MSCs are not without systemic adverse effects. A meta-analysis evaluated the safety of MSC therapy over a 15-year period and found MSC administration to be associated significantly with transient fever, administration-site adverse events, constipation, fatigue, and sleeplessness. Despite these obstacles, there is evidence showing that injection of hUC-MSCs can have beneficial use for the treatment of OA of the knee.
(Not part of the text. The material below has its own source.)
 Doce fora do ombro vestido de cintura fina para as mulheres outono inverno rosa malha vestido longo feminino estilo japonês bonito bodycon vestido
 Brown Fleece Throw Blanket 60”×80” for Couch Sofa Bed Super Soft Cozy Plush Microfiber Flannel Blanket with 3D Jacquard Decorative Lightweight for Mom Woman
The limitations of this study should be noted. First, most of the studies included in this review were case series, and further studies are needed to compare the efficacy of hUC-MSCs with other forms of treatment for knee OA. Follow-up was limited to a mean of just under 2 years, and future studies should report on the mid- to long-term outcomes of this treatment. There was heterogeneity in the isolation, injection, and administration techniques across studies. There was also heterogeneity across studies regarding the degree of OA of in included patients. Three studies included HA as part of the injection solution. HA has been shown to improve knee function and pain in patients with knee OA, making it difficult to assess whether the positive outcomes in these studies were owing to the effect of HA or hUC-MSCs.

Conclusion

Patients undergoing treatment of knee OA with hUC-MSCs might be expected to experience improvements in clinical outcomes. Additional high-quality randomized studies are needed to better determine the efficacy of hUC-MSCs for the treatment of knee OA.